Basically, we were the quintessential late 80s drama fags, right down to the bad hair experiments. So it was of little surprise when the administration -- perhaps Dr. Geddes himself, though I don't remember -- asked us to do the daily morning announcements. This was a simple, five-minute intercom broadcast aired throughout the school: "The G.O. bake sale takes place this afternoon in the hallway outside the cafeteria at 3 o' clock... Cheerleader try-outs are set for next Monday in the gym..." and so forth.
There wasn't much Rebecca and I could do to spice these ho-hum messages up, but we did add our own spin now and then. Mostly, these took the form of quick, barely audible asides:
Adam: The annual Summit High holiday concert is tomorrow night, so don't forget to get your tickets now!
Rebecca: Yes, they are selling like hotcakes.
Adam: (Hotcakes that nobody wants.)
Rebecca: (Exactly.)
Adam: (stifling a giggle) And don't forget the deadline for the Service Club's canned food drive for the homeless is this Tuesday...!
It occurs to me now that I still employ this "quick aside tag" style in my stand-up. There's something about the rhythm of it that just appeals to my ear.

Me and Rebecca before the senior prom, spring of 1989.

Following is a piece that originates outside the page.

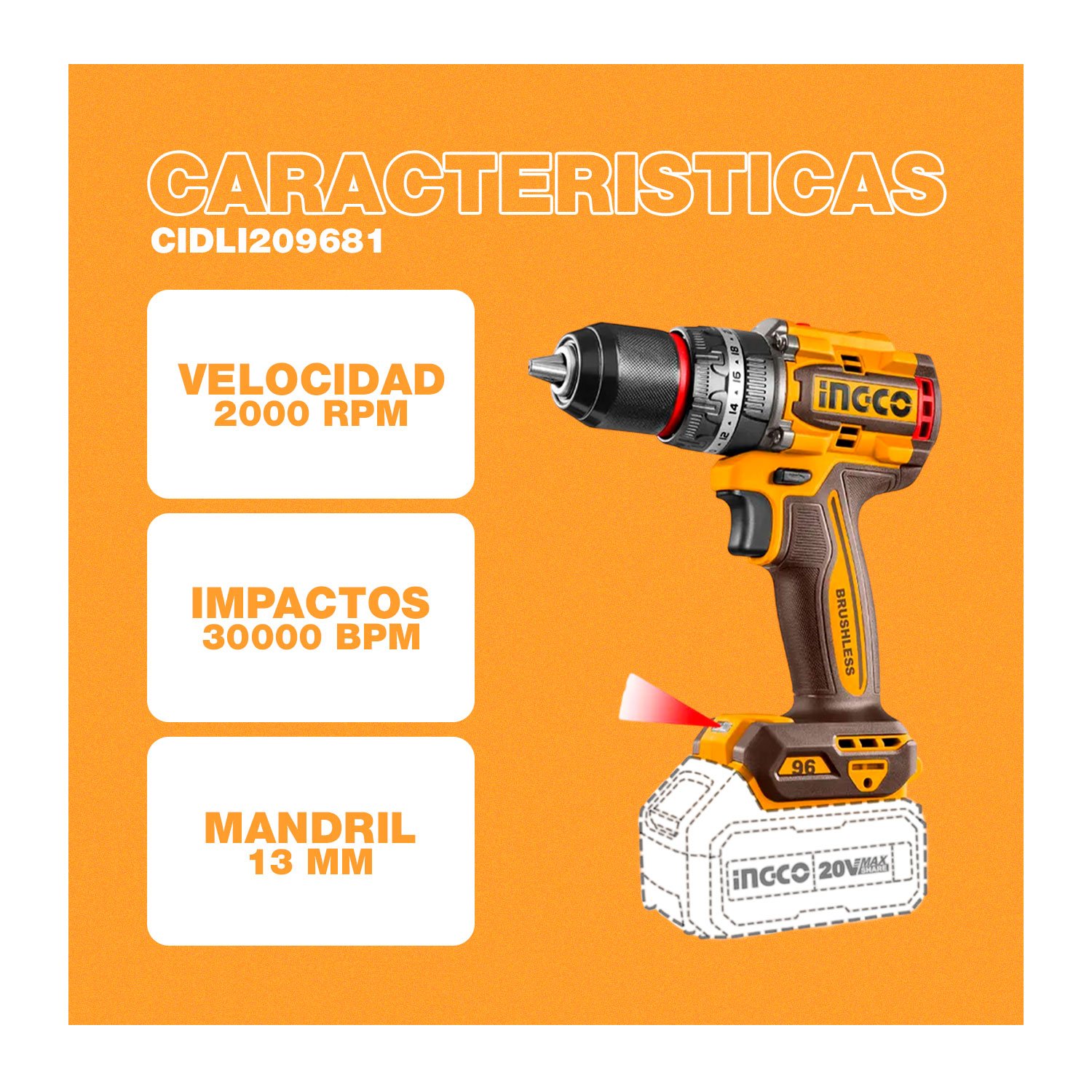 Combo Taladro Percutor + Llave De Impacto + 2bats + Accs — vista 3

In order to read the morning announcements, Rebecca and I had to leave our respective homeroom classes at 11:00 a.m. and make our way down the administration's office, where a little sound booth was set up. My homeroom was Ms. Papio's Spanish class, during which I would eat my homemade lunch of ham and cheese on whole wheat with honey mustard. One morning while I was doing the announcements, Josh -- yes, the same Josh from the false crotch-grabbing accusation incident -- inserted a folded up piece of notebook paper into my sandwich, so that when I later bit into it I'd be chewing on paper. I'm telling you, he was a diabolical little shit.

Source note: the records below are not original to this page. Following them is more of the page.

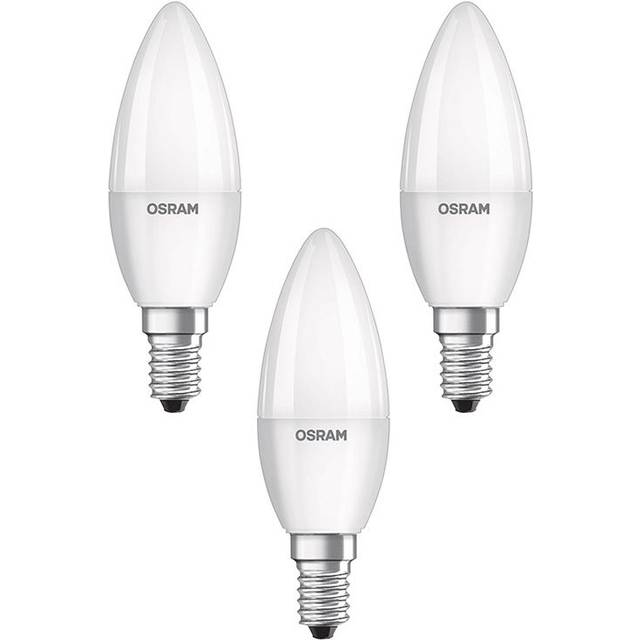 Osram candle shape frosted led bulbs 5w, e14 small screw, non dimmable set of 3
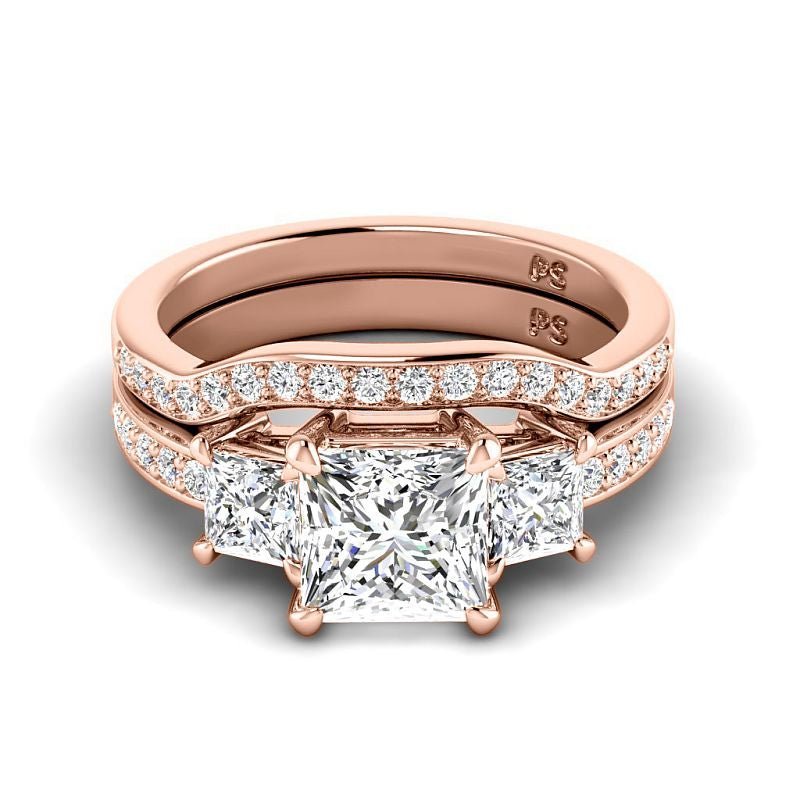 1.55-7.05 CT Princess & Round Cut Diamonds - Bridal Set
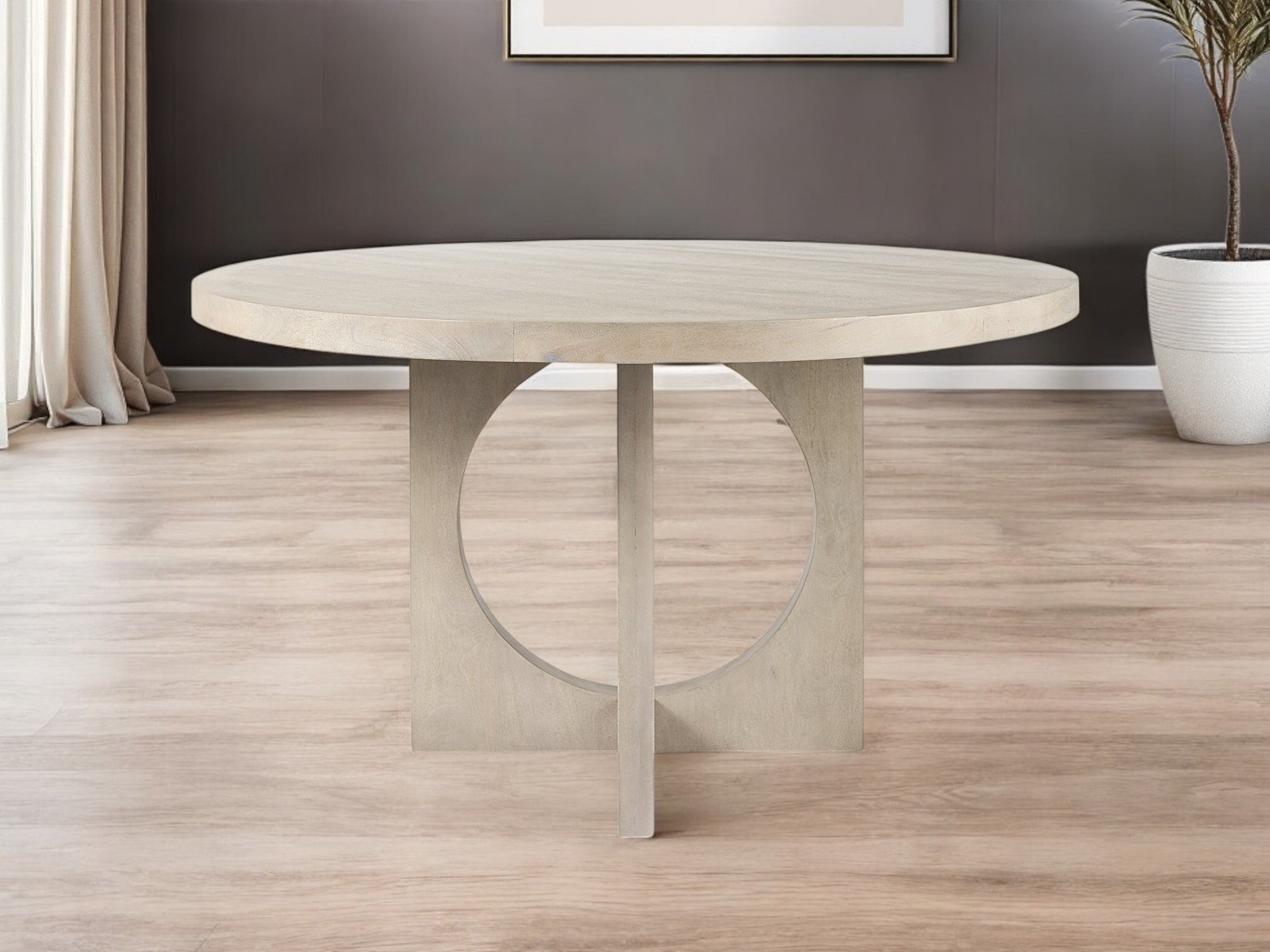 54" Natural Rounded Pedestal Base Dining Table-0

Anyway, the day after my meeting with Dr. Geddes, as I made my way from Spanish class to the cafeteria for lunch hour, a sophomore stopped me in the hallway.
"Hey," she said. "You should know that Mr. Stubick started a petition against you and Rebecca. He wants you to be fired from the morning announcements."
I remember actually laughing out loud. "No way!" I said.
"Yes. He passed it around our English class today."
"On what grounds does he say we should be fired?" I wondered.
"Because you made fun of the homeless."
"When did we ever make fun of the homeless?!"
"When you were making announcement about a canned food drive, you were laughing. So he says you're insensitive to the homeless and should be fired."
The war was escalating.
T0 be continued.
Homo wishing he could continue now, but his assistant manager literally just dumped a pile of work on his desk. ♥
Part 9:
Mr. Stubick's petition to have Rebecca and me ousted from morning announcements duty went nowhere. I'm not sure it ever even made it out of the classroom in which it originated. Mr. Akey, our one mutual ally, later confided to me: "I told him he had to stop this."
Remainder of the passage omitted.